Тогда и готовили настоящих идеологических бойцов: не просто тех людей, которые бубнят историю КПСС, а убежденных марксистов. Мы понимали, что они состоятельны интеллектуально, но при этом полностью принадлежат прошлому веку.
В период перестройки в школы пришло много интересных людей. Появился новый учебник «Человек и общество». До него были только пожелтевшие старые «коммунячьи» бессмысленные книги по обществоведению, построенные на диамате и истмате, в новом было много интересного, но рассыпухой, без системы. Там были основы философии, социологии, политологии. Стало заметно, что уже появился плюрализм. Но хочу заметить, что идеологический диктат вне философского факультета спал еще раньше: в то время, когда я поступал, окружающий мир уже взял штурмом эту твердыню.
В мое время на кафедру приходили люди за религиозным знанием, чтобы поверить и проверить свои воззрения. Это были и увлеченные школьники, и те люди, которые слабо учились, конкурс был всего полтора человека на место. Хотя в 1994 году уже претендовали четыре человека. Приходили взрослые люди либо за вторым высшим образованием, либо поздно озаботившиеся первым. У некоторых были уже капитально отбиты мозги в армии, они не могли учиться. Учебы было много. Надо было сидеть каждый день с утра до вечера в библиотеке, если ты хотел нормально учиться.
Время, о котором я говорю, интересно еще и тем, что, с одной стороны, диамат был на равных со всеми остальными учениями и поэтому его бесконечно проверяли, а с другой — для большинства преподавателей с очень большим набором знаний он все еще оставался парадигмальным. У нас были замечательные преподаватели с кафедры социальной философии и философии истории Владимир Сергеевич Кржевов и Карен Хачикович Момджян. Они были убежденные марксисты, но настолько «свежие», что в их изложении марксизм был верифицируемым, стройным учением. Я могу сказать, что в смысле социальных воззрений мне очень сильно помог философский факультет. Благодаря тому, что я много учился и сам интересовался, я остаюсь марксистом.

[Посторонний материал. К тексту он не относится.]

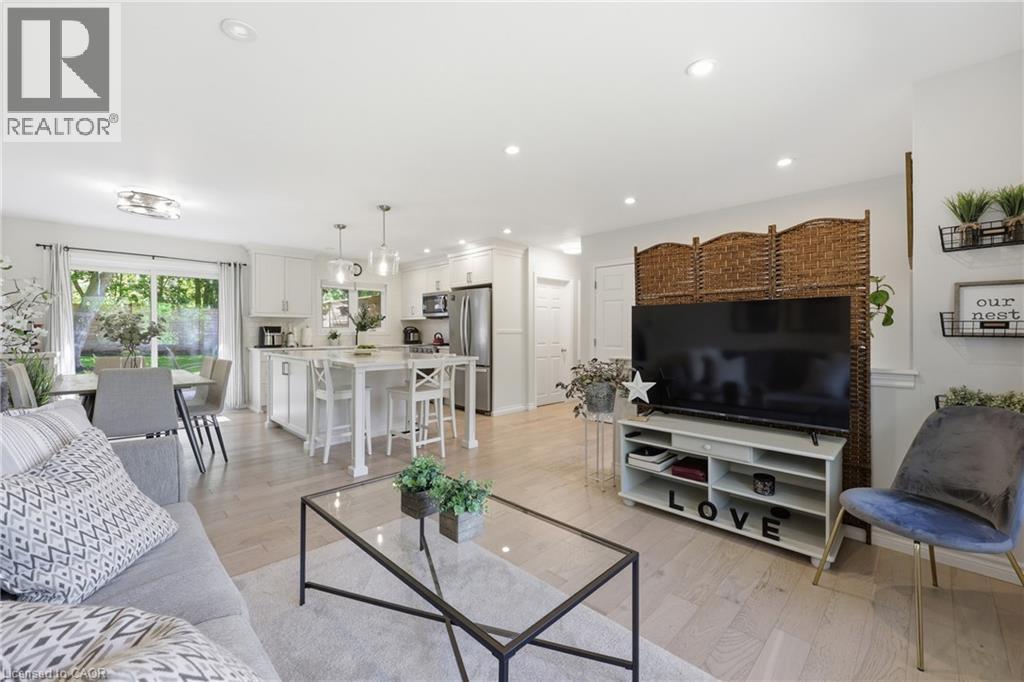 52 Grand Avenue, Caledonia, ON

На самом деле, если мы внимательно будем читать «Капитал» и вообще наследие Маркса, то увидим очень много интересных вещей.
Вокруг одного из положений марксизма — «Бытие определяет сознание» — шли постоянные дискуссии. Советский человек был перегружен, у него были съехавшие понятия об этике и красоте, мире и войне. Это была дискуссия, от которой в полной мере зависело то, как мы будем дальше жить, поскольку философия управляет государством, а не наоборот. Споры были по-настоящему жаркими, в тот момент они шли везде.
Как мне кажется, проблема была не в диамате, а в диктате научной и образовательной политики, которая выстраивалась таким образом, что не давала его толком изучать. Она надевала на человека очки и заставляла рассматривать все с точки зрения идеологии, зубрить историю партии. Все это обрастало религиозным культом и изучалось так, как изучаются сакральные тексты. Преподаватели в советское время требовали отношения ко всему как к священному канону. И из-за того, что все стало закрытым и непроточным, вокруг диалектического материализма начали возникать «бактерии». В конечном итоге советских идеологов и погубило то, что они убрали все элементы проверки и сомнения».